Landscape / Scene Animation
For non-character images, describe environmental motion:
Water surface ripples gently. Clouds drift slowly left across the sky. Birds fly across
the frame in the distance. Camera holds fixed. Preserve composition and colors, cinematic.
Reference Video (Motion Transfer)
The most powerful Seedance feature. Feed a reference video to transfer motion, camera language, and choreography to a new scene.

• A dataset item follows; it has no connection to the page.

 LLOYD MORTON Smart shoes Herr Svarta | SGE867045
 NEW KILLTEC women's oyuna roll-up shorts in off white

When using a reference video, prompt less. The clip handles motion — the text tells the model what to keep vs what to reinterpret.
Clip Preparation Rules
- Length: 3–8 seconds is ideal. Under 2s = mushy. Over 10s = model loses confidence
- Cuts: one continuous shot — no edits, no jump cuts
- One idea wide: either the subject moves OR the camera moves — not both simultaneously
- Compression: export clean H.264 at native frame rate
- Clarity: plain backgrounds, steady lighting, strong silhouette, deliberate pacing
Prompting With Reference Video
Keep style adjectives to 2–3 max. More = motion drift.
Key phrases that work:
Respect motion from reference: reinterpret texture and colorKeep silhouette and tempo: permit style variationCamera move from reference, new subject and environment
Transfer Camera Move to New Scene
A chef in a professional kitchen prepares a dish. Respect camera movement from reference.
Warm kitchen lighting, steam rising from pots. Cinematic, shallow depth of field.

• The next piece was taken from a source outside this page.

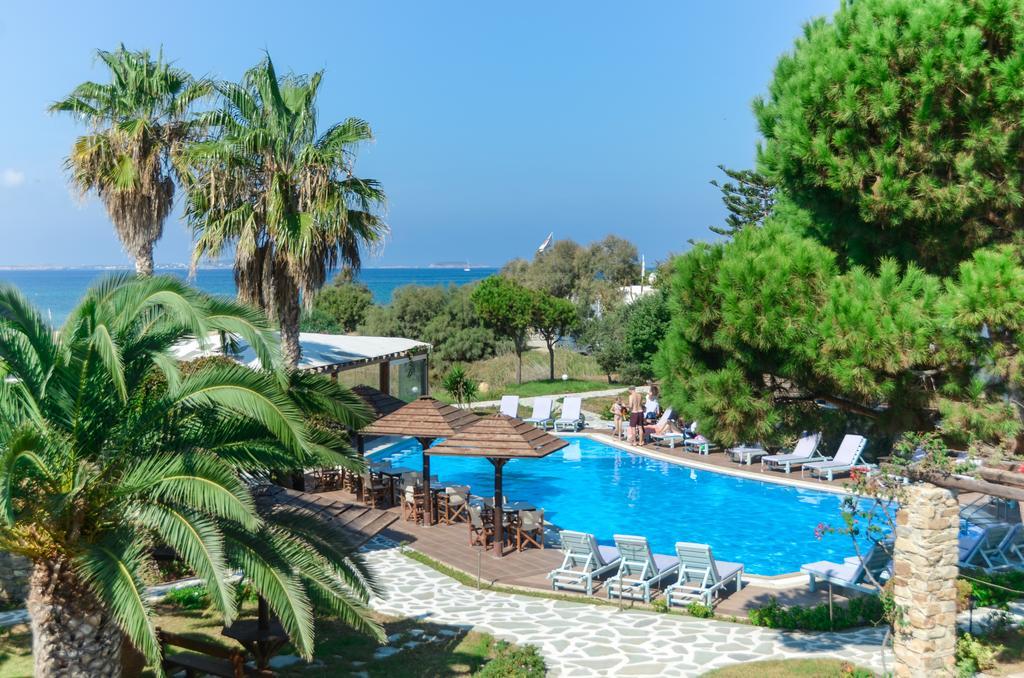 Alkyoni Beach Hotel Naxos City Экстерьер фото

Transfer Person's Motion to New Character
A woman in a blazer presents to camera with natural confident gestures.
Keep motion timing and rhythm from reference. Modern office background. Professional, clean, 4K.
Troubleshooting Reference Video
| Problem | Cause | Fix |
|---|---|---|
| Jittery motion | Reference too long or has cuts | Trim to 3–5s, single shot only |
| Camera move ignored | Reference motion not prominent enough | Isolate strongest 2–3 seconds, mention explicitly in prompt |
| Style drift | Too many adjectives | Reduce to 2–3 max, add single style frame |
| Identity lost | Conflicting subject descriptions | Stable descriptors + preserve character appearance |
Multimodal (Video + Image + Audio)
Seedance 2.0 supports up to 12 files across all modalities. Each file gets a role that tells the model how to use it.
Role Reference
| Role | What it controls | Best file type |
|---|---|---|
reference_video | Motion, camera language, choreography | 3–8s clean clip |
reference_image | Face, outfit, identity lock | Mid-body portrait, simple background |
first_frame | Starting composition and character | High-res still |
last_frame | Ending composition | High-res still |
reference_audio | Mood, pacing, lip-sync, beat matching | Clean audio file |
Person Consistency Across Scenes
The person in [Video1] who looks like [Image1] stands at a podium and delivers a keynote
presentation. Confident gestures, makes eye contact with camera. Modern auditorium,
dramatic stage lighting. Slow push-in. Cinematic.
Audio-Driven Generation
The person in [Image1] speaks directly to camera with energy matching the audio rhythm
in [Audio1]. Natural expressions, occasional smile. Clean white studio background.
Camera holds fixed.
Multi-Image Continuity
Character transitions from standing in [Image1] to reaching forward in [Image2]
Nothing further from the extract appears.